Mortgage Daily

Published On: June 27, 2013

A mortgage broker that specializes in home loans for veterans has been hit with a $7.5 million penalty because of alleged illegal telephone calls and deceptive advertising.

Mortgage Investors Corp. says that its mission is to help U.S. veterans same money on loans that are guaranteed by the Department of Veterans Affairs.

The St. Petersburg, Fla.-based firm, which was founded in 1938, claims that it refinances more VA loans than any other mortgage company in the country.

During the past 15 years, VA refinance production reportedly totaled $30 billion at the company.

But the Federal Trade Commission claims that Mortgage Investors — which also operates as AmeriGroup Mortgage Corp., Veterans Information Department and Veterans Home Loans — is originating loans using unscrupulous tactics.

The FTC alleges that the company violated the Do Not Call provisions of its Telemarketing Sales Rule. “Hundreds of telemarketers” are on staff making cold calls and utilizing written scripts.

The company is also accused of making 5.4 million calls between February 2009 and July 2012 to consumers listed on the FTC’s National Do Not Call Registry while failing to remove consumers from its own call list despite repeated requests to be removed. In some cases, customers who complained about the calls were transferred to supervisors that continued to attempt a sale.

In addition, Mortgage Investors allegedly violated the Mortgage Acts and Practices – Advertising Rule — or MAP Rule. The FTC says that the firm implies to loan prospects that it can save them money over the life of a refinanced loan even though it actually puts them into adjustable-rate mortgages where the interest rate can increase.

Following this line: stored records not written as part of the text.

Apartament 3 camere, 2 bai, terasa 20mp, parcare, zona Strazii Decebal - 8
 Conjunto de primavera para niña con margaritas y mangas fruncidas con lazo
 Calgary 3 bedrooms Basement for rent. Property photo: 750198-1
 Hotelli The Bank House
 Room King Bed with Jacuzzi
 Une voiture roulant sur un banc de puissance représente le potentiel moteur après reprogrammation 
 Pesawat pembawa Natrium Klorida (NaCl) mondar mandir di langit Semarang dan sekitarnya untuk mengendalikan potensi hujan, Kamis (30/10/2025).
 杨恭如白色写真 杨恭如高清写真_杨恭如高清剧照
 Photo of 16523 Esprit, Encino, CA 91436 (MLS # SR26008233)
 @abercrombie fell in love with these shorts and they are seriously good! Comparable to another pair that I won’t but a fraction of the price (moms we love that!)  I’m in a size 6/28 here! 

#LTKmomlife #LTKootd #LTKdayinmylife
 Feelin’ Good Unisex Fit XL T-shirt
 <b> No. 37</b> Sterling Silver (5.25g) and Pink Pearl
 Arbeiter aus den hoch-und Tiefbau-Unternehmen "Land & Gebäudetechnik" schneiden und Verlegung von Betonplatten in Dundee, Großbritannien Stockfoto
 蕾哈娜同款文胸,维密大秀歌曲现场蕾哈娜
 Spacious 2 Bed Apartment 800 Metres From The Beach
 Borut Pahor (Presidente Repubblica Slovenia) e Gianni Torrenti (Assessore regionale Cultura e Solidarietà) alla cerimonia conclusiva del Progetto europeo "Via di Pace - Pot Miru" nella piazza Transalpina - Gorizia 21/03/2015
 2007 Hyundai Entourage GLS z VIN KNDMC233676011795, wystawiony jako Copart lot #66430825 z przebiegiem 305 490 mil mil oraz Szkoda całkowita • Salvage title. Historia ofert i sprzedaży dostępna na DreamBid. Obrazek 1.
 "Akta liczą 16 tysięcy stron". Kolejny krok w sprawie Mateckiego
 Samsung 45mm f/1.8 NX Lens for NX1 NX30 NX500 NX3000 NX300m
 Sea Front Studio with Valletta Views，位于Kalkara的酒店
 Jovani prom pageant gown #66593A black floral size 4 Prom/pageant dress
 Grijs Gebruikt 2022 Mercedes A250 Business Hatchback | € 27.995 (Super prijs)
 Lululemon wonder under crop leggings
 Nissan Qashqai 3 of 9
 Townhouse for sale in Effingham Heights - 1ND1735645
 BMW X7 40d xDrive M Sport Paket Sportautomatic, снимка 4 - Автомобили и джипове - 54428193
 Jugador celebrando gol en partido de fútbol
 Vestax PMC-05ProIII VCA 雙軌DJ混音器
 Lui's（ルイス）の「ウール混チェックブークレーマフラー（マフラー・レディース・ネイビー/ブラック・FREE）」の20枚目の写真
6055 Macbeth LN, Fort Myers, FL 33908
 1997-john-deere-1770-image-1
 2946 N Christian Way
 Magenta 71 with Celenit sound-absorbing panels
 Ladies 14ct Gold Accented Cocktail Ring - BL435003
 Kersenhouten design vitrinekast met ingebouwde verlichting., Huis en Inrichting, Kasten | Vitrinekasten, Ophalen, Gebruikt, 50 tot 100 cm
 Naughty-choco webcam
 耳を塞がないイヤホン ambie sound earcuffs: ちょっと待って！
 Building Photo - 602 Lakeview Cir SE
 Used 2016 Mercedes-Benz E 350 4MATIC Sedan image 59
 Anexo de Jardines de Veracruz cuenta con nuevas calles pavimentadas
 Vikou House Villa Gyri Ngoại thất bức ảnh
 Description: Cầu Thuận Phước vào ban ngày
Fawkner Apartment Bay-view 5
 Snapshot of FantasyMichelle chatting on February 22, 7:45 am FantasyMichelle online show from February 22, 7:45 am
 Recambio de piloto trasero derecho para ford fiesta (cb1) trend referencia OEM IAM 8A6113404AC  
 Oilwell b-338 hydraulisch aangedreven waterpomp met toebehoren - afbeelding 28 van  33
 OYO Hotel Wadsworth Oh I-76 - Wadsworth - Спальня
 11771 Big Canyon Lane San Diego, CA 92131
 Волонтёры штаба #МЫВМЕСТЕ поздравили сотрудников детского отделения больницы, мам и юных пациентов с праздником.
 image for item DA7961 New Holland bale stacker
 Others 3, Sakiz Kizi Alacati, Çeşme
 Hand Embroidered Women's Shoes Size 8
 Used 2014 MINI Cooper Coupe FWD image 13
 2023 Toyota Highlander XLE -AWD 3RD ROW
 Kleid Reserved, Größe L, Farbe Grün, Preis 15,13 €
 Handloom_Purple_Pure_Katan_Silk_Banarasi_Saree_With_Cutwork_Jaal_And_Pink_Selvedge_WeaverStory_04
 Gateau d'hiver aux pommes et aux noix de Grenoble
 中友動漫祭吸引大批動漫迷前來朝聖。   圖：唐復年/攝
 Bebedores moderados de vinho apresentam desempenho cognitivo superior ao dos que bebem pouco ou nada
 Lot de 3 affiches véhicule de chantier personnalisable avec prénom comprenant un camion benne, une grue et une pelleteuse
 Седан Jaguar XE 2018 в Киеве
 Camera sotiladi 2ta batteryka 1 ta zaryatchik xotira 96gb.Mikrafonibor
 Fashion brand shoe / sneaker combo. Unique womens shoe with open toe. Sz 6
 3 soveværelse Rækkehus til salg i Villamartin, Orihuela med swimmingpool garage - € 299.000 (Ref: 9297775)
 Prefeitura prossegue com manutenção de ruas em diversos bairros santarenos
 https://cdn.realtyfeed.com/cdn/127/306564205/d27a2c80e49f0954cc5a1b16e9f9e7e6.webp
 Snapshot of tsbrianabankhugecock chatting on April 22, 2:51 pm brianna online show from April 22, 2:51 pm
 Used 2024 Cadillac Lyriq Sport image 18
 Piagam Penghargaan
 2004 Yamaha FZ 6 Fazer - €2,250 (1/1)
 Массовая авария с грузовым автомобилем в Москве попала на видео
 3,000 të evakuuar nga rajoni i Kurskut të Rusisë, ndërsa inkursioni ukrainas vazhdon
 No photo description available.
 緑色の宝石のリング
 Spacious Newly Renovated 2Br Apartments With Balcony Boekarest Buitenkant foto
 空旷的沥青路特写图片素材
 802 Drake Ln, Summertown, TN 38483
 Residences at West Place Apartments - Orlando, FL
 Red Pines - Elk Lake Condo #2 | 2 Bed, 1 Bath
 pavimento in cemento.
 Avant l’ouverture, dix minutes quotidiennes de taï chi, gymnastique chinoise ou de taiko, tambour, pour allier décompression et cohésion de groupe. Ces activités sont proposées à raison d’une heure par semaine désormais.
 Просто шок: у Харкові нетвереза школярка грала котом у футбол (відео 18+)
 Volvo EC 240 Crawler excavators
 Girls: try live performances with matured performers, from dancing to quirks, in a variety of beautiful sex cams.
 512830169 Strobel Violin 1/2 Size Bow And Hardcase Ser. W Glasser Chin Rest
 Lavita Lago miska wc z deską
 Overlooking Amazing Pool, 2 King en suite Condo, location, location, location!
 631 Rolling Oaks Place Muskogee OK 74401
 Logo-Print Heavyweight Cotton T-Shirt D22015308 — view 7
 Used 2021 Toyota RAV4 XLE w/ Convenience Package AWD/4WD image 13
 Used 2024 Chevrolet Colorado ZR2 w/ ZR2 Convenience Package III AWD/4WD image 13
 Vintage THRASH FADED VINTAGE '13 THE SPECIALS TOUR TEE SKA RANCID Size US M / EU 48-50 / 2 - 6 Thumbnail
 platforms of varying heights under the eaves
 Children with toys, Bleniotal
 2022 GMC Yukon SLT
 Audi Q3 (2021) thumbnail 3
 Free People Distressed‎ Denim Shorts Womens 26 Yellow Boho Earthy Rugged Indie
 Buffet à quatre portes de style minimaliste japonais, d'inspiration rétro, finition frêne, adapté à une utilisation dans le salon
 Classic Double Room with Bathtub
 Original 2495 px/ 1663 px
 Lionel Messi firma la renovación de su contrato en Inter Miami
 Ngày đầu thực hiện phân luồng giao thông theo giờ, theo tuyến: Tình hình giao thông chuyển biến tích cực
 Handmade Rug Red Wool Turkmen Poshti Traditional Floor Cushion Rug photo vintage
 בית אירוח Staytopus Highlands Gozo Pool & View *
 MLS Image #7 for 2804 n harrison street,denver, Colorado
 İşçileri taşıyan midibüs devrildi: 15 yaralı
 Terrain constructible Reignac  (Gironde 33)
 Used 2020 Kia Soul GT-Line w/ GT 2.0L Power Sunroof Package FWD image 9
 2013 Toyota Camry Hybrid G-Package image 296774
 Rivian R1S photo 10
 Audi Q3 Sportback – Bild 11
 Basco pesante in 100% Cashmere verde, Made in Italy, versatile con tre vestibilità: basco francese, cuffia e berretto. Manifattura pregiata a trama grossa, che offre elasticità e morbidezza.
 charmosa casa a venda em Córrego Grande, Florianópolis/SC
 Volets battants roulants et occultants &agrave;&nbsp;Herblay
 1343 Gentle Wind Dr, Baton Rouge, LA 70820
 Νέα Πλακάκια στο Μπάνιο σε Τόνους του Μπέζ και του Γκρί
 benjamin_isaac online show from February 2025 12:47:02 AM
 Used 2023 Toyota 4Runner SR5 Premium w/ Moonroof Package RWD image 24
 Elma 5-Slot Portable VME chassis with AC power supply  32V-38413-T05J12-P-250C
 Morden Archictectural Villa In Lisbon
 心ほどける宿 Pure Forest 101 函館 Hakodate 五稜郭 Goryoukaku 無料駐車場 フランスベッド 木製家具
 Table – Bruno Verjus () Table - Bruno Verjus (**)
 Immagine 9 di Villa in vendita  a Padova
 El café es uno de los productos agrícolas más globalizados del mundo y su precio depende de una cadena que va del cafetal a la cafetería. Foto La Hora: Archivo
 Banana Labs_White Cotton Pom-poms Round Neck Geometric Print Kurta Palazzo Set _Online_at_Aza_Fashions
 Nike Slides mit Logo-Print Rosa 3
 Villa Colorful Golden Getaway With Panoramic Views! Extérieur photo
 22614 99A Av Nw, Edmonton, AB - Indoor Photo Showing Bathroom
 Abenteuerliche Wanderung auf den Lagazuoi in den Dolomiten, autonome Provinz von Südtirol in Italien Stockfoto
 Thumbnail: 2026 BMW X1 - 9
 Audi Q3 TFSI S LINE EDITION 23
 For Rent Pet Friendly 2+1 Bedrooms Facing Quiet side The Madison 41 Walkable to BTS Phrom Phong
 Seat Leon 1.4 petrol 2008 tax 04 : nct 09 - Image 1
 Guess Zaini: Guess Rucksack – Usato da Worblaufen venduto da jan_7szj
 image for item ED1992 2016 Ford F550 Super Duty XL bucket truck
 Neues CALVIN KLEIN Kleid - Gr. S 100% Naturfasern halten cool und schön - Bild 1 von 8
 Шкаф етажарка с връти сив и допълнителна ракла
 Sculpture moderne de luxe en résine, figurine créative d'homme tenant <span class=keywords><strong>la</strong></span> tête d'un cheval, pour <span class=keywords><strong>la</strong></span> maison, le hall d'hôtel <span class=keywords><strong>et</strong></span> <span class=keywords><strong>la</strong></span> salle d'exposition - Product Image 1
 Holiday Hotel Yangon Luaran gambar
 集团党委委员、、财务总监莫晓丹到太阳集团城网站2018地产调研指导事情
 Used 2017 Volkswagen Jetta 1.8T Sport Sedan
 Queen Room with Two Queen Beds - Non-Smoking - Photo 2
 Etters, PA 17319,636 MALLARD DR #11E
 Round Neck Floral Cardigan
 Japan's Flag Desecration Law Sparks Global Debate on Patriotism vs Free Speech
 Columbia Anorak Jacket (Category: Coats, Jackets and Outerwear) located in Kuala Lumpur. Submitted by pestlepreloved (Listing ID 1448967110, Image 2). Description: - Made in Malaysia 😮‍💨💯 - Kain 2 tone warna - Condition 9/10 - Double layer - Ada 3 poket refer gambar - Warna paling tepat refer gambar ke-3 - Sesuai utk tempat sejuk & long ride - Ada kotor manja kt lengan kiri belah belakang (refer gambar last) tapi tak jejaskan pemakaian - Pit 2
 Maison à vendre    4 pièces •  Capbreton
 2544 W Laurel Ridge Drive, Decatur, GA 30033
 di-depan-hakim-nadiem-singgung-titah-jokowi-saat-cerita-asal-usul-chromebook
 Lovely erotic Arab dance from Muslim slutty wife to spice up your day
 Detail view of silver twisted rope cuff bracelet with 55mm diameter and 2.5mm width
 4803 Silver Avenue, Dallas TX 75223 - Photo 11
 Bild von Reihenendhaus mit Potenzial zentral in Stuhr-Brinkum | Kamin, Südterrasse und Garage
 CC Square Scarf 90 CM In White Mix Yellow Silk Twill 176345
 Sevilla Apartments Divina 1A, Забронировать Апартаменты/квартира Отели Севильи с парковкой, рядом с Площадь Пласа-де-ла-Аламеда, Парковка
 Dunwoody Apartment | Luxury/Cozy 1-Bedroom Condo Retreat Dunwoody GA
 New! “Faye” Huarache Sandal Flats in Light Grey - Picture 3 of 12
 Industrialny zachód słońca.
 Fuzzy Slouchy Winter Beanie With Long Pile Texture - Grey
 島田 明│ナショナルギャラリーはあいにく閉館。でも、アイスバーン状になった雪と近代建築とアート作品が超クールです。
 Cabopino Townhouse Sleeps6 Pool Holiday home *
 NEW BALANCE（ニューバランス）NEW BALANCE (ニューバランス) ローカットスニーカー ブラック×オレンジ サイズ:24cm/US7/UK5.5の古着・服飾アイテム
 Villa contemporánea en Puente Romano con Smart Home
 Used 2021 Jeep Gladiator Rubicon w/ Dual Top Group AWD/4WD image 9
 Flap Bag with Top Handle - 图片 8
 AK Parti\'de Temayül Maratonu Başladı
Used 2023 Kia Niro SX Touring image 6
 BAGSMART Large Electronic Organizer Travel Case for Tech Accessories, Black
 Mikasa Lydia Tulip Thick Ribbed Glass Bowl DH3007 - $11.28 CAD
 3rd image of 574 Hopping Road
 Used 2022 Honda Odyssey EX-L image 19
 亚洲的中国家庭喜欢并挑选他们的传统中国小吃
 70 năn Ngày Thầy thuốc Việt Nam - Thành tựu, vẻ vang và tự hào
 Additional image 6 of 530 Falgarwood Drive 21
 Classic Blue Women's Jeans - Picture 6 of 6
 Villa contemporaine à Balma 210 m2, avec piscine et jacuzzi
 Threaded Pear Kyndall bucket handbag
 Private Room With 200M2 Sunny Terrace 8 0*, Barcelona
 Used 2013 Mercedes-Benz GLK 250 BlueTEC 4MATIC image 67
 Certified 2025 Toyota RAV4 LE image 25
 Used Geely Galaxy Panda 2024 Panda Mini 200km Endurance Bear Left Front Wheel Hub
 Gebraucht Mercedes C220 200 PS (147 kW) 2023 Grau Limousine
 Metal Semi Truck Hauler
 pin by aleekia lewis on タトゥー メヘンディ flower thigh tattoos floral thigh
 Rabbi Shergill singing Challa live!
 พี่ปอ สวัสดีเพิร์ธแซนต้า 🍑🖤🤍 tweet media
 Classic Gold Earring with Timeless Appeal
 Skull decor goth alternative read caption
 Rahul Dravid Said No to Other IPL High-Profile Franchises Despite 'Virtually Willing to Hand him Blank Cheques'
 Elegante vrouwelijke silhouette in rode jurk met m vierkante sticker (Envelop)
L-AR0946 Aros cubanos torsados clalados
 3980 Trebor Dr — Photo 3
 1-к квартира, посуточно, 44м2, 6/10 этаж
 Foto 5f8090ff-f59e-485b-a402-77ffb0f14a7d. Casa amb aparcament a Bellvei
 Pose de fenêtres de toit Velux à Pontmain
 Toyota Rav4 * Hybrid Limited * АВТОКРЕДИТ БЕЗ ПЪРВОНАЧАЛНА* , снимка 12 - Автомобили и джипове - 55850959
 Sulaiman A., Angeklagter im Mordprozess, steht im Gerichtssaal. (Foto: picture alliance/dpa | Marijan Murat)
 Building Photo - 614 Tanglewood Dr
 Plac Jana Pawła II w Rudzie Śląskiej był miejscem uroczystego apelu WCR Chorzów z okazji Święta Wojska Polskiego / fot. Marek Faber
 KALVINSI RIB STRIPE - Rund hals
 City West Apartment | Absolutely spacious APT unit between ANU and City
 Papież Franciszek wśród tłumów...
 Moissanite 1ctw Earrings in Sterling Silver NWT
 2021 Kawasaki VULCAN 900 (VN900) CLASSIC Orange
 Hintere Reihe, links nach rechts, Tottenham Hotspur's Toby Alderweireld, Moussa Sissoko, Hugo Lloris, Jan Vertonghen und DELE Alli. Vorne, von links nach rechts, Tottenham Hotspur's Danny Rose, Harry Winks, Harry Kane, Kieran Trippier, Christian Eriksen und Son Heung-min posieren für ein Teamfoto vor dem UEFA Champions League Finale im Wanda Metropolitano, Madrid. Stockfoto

Earlier this month, the FTC — which said it has received thousands of complaints about the company — filed a lawsuit against Mortgage Investors in a Florida federal court.

An announcement Thursday indicated that Mortgage Investors has agreed to a settlement and will pay a $7.5 million civil money penalty, “the largest fine the FTC has ever collected for allegedly violating Do Not Call provisions of the agency’s Telemarketing Sales Rule.”

The agency said that the action was the first one brought under the MAP Rule, while the settlement marks the 10-year anniversary of the Do Not Call registry.

It’s not the only adverse action that has been taken against the company.

In August 2008, Mortgage Investors agreed to a $78,500 settlement with the Department of Housing and Urban Development, while in 2003 it was the first company to be charged with violating the Oklahoma Telemarketer Restriction Act.